Zapatero sai de cena antes das eleições gerais espanholas

José Luiz Rodríguez Zapatero confirmou este sábado, diante da cúpula dos socialistas espanhóis, que não será candidato a novo mandato à frente do Governo nas eleições gerais de 2012. Numa altura em que a Espanha ainda procura libertar-se daquela que é já considerada a pior crise económica da sua história, o secretário-geral do PSOE escolheu o Comité Federal do partido para “pôr fim a uma incerteza que poderia prejudicar as reformas”.

RTP /
"Pensei que o melhor era fazê-lo agora para pôr fim a uma incerteza que poderia prejudicar as reformas", disse Zapatero Emílio Naranjo, EPA

Foi com o propósito declarado de acabar com o rol de especulações sobre o seu futuro político imediato que José Luiz Rodríguez Zapatero comunicou ao Comité Federal do PSOE, o órgão máximo do partido entre congressos, que não será candidato às próximas eleições gerais. Dentro e para lá das fronteiras da direção socialista, discutia-se há muito a possibilidade de uma mudança na ponte de comando. Os números das sondagens, que mostram um Partido Popular (PP) em sólida ascensão, e a aproximação das eleições regionais e municipais de 22 de maio terão sido, no entanto, os fatores decisivos.

“É seguro que não é fácil acertar e pensei que o melhor era fazê-lo agora para pôr fim a uma incerteza que poderia prejudicar as reformas e a criação de emprego. Vamos prosseguir respeitando os tempos e os procedimentos”, justificou-se Zapatero na reunião partidária deste sábado, ao 30.º minuto da sua intervenção. Pouco antes falara da crise económica que atinge os espanhóis desde o segundo semestre de 2008: “Podemos ter cometido erros, mas estamos a dar a cara a todo o momento. Nós estamos a deixar a pele na batalha diária da crise”.

Consuma-se, assim, a saída de cena do antigo advogado que há dez anos conquistou a liderança do PSOE por escassos nove votos. No poder desde 2004, o presidente do Executivo espanhol tenta equilibrar-se há quase um ano sobre o fio da navalha da crise económica e dos riscos de colapso financeiro agravados pela pressão dos mercados. Perante os seus correligionários, mas sobretudo ao país, Zapatero afirma partir com a convicção de que conseguiu assegurar a redenção de Espanha e evitar o mesmo destino da Grécia e da República da Irlanda, por via de uma política de austeridade – flexibilização de despedimentos, cortes salariais aplicados a milhões de funcionários, alargamento da idade de reforma – que acabou por ensombrar sete anos de progressos históricos no capítulo social.

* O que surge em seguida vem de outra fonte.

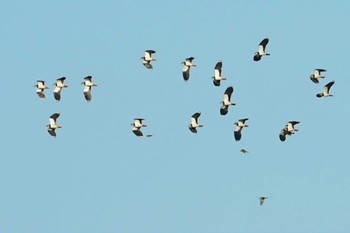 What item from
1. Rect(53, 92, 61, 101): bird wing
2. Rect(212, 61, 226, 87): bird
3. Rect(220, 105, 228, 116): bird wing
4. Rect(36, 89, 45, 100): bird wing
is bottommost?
Rect(220, 105, 228, 116): bird wing

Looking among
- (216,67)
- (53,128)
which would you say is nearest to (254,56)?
Answer: (216,67)

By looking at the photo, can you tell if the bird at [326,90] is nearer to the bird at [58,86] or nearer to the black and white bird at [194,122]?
the black and white bird at [194,122]

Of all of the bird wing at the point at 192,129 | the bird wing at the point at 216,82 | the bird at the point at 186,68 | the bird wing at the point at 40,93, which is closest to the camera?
the bird wing at the point at 216,82

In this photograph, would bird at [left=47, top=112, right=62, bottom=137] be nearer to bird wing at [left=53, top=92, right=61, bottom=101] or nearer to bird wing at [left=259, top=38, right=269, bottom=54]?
bird wing at [left=53, top=92, right=61, bottom=101]

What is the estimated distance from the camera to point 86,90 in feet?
620

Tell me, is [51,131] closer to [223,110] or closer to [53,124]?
[53,124]

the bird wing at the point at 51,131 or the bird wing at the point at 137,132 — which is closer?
the bird wing at the point at 51,131

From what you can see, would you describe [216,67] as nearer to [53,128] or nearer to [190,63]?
[190,63]

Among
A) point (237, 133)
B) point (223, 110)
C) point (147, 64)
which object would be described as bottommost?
point (237, 133)

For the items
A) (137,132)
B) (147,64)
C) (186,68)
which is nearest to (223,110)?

Entre os legados mais pesados da recessão está hoje uma taxa de desemprego superior a 20 por cento (quatro milhões de desempregados), um nível sem precedentes entre os países mais desenvolvidos. Por outro lado, o próprio Banco de Espanha já veio estimar que o crescimento da economia em 2011 deverá ser mais baixo do que o previsto e que as metas de controlo do défice podem ficar por cumprir nos próximos anos.

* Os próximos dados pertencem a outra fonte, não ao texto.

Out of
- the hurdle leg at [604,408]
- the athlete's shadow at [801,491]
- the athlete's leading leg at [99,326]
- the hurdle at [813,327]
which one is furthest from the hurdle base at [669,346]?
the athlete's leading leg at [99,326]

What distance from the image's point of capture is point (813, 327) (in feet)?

Primárias socialistas após regionais
O presidente do Governo reiterou que sempre foi sua intenção permanecer no cargo por apenas oito anos. Uma vontade, explicou, que remonta a 2004 e que não sofreu alterações após a reeleição, em 2008. “Pensei nisto há cerca de sete anos. Dois mandatos são suficientes”, sublinhou o secretário-geral do PSOE, para acrescentar que a decisão agora oficializada é “firme” e também “oportuna”. Para o PP, porém, é insuficiente. O partido de Mariano Rajoy insiste na defesa de eleições antecipadas.

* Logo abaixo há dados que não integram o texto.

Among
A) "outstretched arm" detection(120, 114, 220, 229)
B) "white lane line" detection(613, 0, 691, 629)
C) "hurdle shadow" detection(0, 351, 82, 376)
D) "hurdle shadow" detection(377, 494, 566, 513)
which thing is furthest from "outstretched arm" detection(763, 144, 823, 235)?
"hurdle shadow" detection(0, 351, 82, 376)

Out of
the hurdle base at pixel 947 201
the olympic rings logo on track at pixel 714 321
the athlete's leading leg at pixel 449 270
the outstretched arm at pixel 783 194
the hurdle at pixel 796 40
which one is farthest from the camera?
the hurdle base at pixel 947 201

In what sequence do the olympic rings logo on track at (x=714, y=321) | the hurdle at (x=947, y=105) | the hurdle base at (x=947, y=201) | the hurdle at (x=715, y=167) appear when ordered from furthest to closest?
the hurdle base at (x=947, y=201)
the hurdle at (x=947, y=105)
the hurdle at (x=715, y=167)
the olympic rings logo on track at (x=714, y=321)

Excluído o cenário de uma nomeação direta de um novo secretário-geral, Zapatero incumbiu o próximo Comité Federal da calendarização para “ativar o processo de primárias”. A próxima reunião do órgão máximo entre conclaves está prevista para depois das eleições regionais e municipais de 22 de maio. O Comité deverá reunir-se a 28 de maio e o processo das eleições primárias poderá estar concluído no termo de julho.

Por ora, são dois os nomes dados como possíveis candidatos à sucessão de Rodríguez Zapatero. Ambos integram o atual elenco governativo. Alfredo Pérez Rubalcaba, ministro do Interior, surge como a personalidade que reúne mais apoios, quer no estado-maior do PSOE, quer entre os dirigentes socialistas nas diferentes comunidades autónomas. E é apontado como potencial sucessor desde 2010, ano em que chegou à vice-presidência dos socialistas. A ministra da Defesa, Carme Chacón, é também parte da equação.